AIM OF THE TASK
After locating "Portrait of a", return its line and all lines that follow through the end of the listing below, exactly; leave out pictures.

MATERIAL TO PROCESS
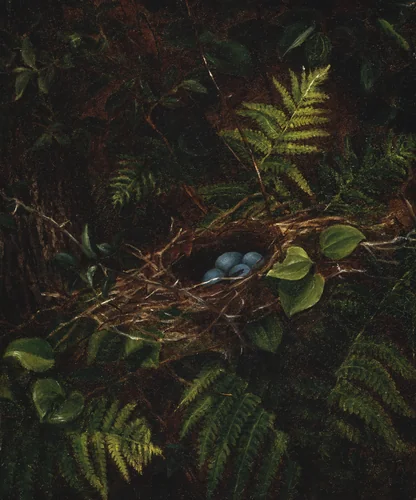 Bird's Nest and Ferns by Fidelia Bridges, painting, 1863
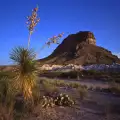 Big Bend National Park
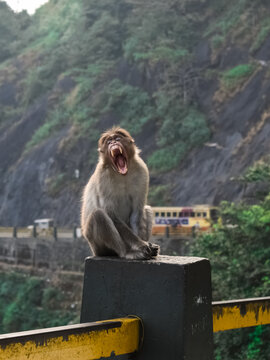 Portrait of a funny Bonnet macaque Indian monkey sitting and opening its mouth and showing its teeth in Wayanad churam.Yawning.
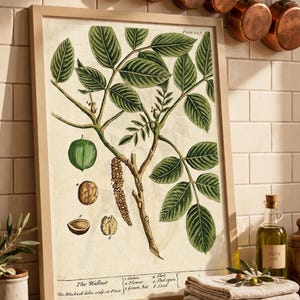 May include: A framed botanical print titled The Wallnut, Plate 147, featuring a detailed illustration of a walnut tree branch with green leaves, a catkin, and numbered diagrams of the fruit, shell, and seed, with text identifying each part.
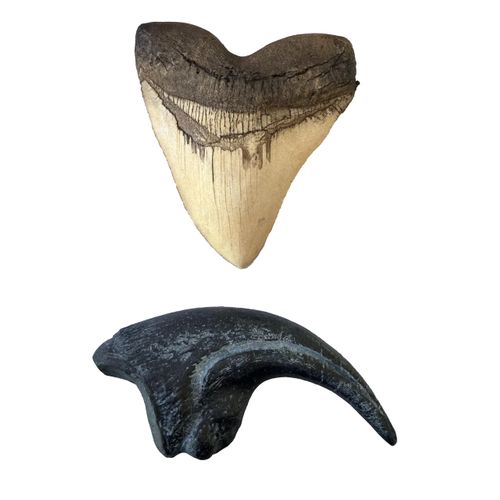 Prehistoric Predators Bundle – Megalodon Shark Tooth & Allosaurus Claw Replica Set – Museum Quality Fossil Casts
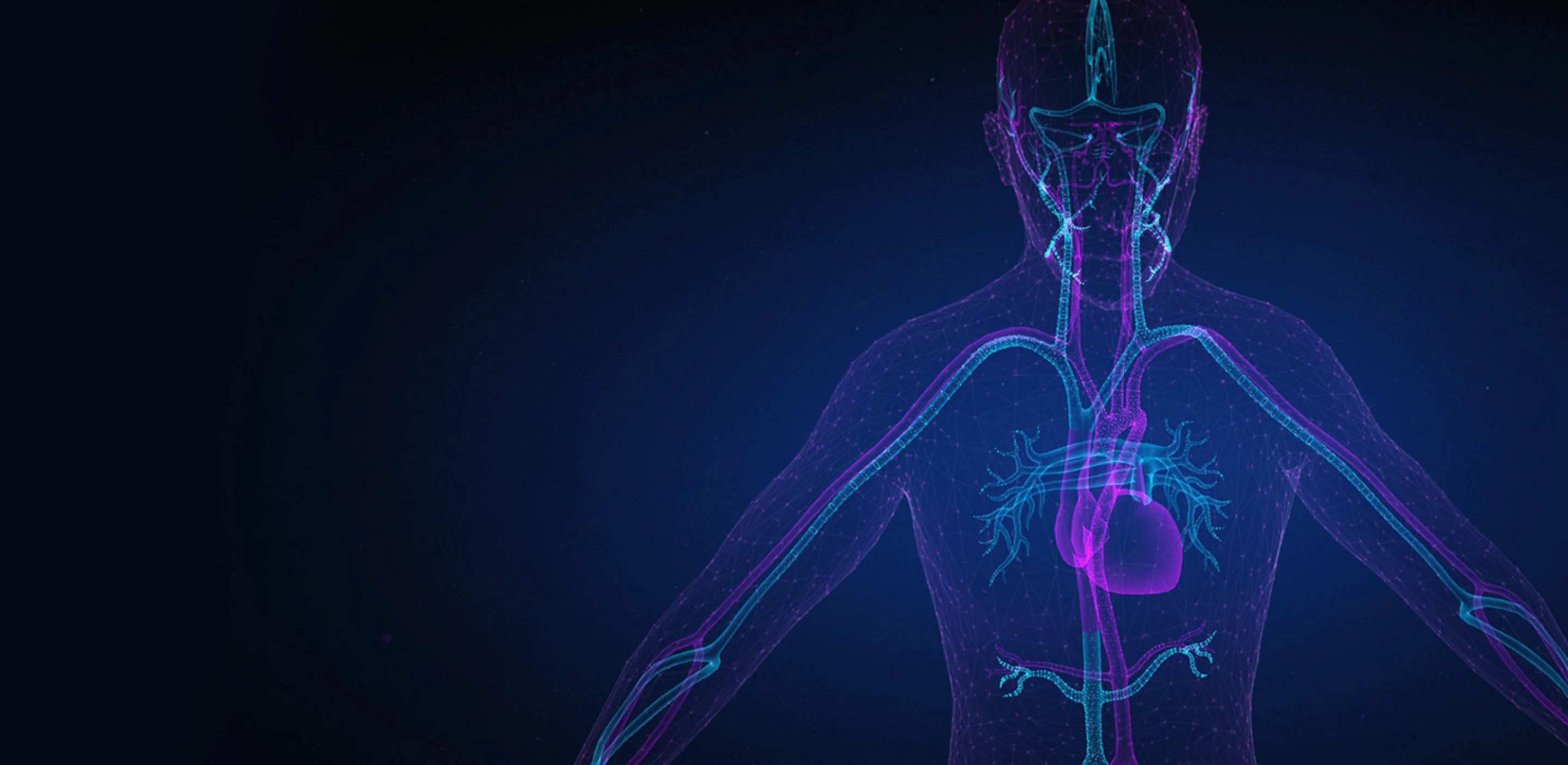 Whole Body Health undefined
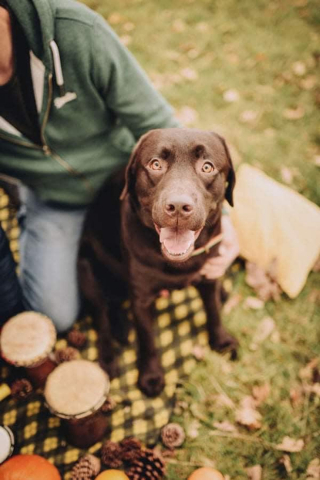 Illustration de l'article : Une caméra de surveillance capture le rendez-vous touchant entre un Labrador et son voisin âgé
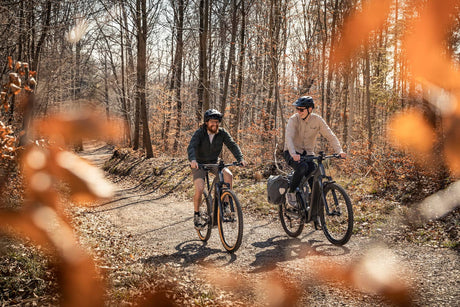 Trekking E-Bike Kategorie bei 2-Cycle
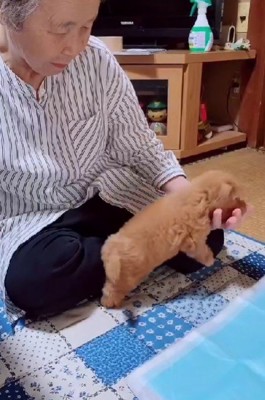 「なでて♡」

EXERCISE SOLUTION
 Portrait of a funny Bonnet macaque Indian monkey sitting and opening its mouth and showing its teeth in Wayanad churam.Yawning.
 May include: A framed botanical print titled The Wallnut, Plate 147, featuring a detailed illustration of a walnut tree branch with green leaves, a catkin, and numbered diagrams of the fruit, shell, and seed, with text identifying each part.
 Prehistoric Predators Bundle – Megalodon Shark Tooth & Allosaurus Claw Replica Set – Museum Quality Fossil Casts
 Whole Body Health undefined
 Illustration de l'article : Une caméra de surveillance capture le rendez-vous touchant entre un Labrador et son voisin âgé
 Trekking E-Bike Kategorie bei 2-Cycle
 「なでて♡」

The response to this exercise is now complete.